With so much strife in the world and the resulting overwhelming number of refugees and economic migrants forced to flee and find a more peaceful place where they can live, my thoughts have been very much on my own place in the world. My Dad came to England in 1932 to seek a better life, well not strictly speaking to seek it in the UK but in the good old US of A. Having got sidetracked he ended up staying in England; he didn’t come as a refugee and he wasn’t fleeing conflict happily. He had a British passport as Cyprus was under sovereign rule at that time; regardless, I am the daughter of an immigrant. I have never thought of myself as anything but British with maybe an added foreign element; when I visit Cyprus I increasingly feel myself to be part of that country as well. People have asked me in the past whether I feel British or Cypriot, in my eyes a strange question as I feel like me which is to say I am a mixture. I have always been proud to be both and I love the land of my birth, Britain. With so much talk in Parliament and on the news about immigrants, mostly about how to keep them out, I have felt more and more of the foreigner and yes a little bit alienated.

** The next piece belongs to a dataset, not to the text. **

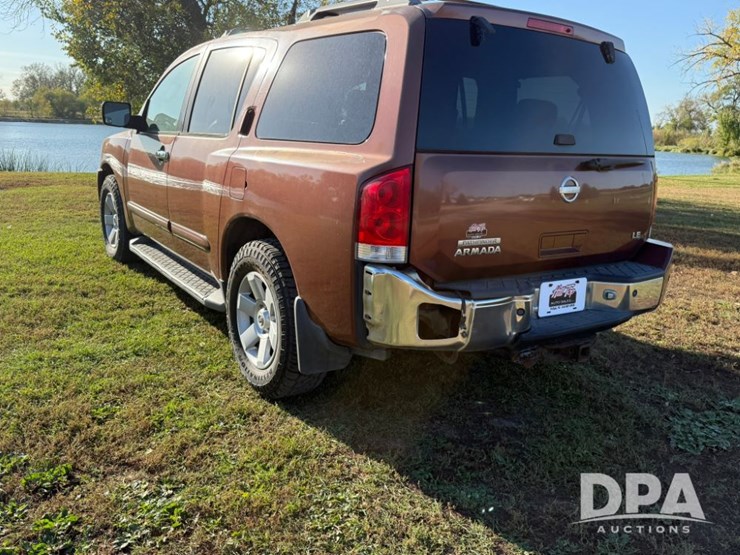 2004-nissan-armada-se-image-7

The British Isles has a history of invasion by many cultures and countries, before them all were the original Britons of Celtic origins; my mother was of Scottish decent; her maiden name was Anderson which in turn is also of course Scandinavian in origin. First came the: Romans; Normans who were themselves originally Vikings; Saxons and Angles both from parts of Germany and the Danes. More recently we have had settlers from every country under the sun and it has made for a rich and varied culture. For a country with so many cultures and religions on such a small island we all rub along surprisingly peaceably on the whole. But with the ever prominent Islamic fundamentalists causing mayhem around the globe it has caused tensions.
I have always been proud of my surname and whenever the need arose to give my name on the phone the response has always been one of interest and amiable conversation.Recently however it had a very different effect, one of suspicion. This was a conversation with employees within the Work and Pensions department; in this instance it instigated a batch of questions asking me to prove my British nationality. Although I understand perfectly why this occurred it didn’t alter the feeling it created in me of us and them. I somehow felt myself to be on different ‘side’ to the person on the other end of the phone instead of feeling part of the British Isles, I felt for the first time in my life a foreigner in my homeland. It was slightly unnerving. I have had a taste in a very very small degree of how it must feel for say a British Asian or a British born Jamaican or African. Our present government has a lot to answer for not least for giving the general impression that ‘we’ are pulling up the drawbridge and going into siege mode. Maybe the next step might be to throw a few of us overboard…who knows?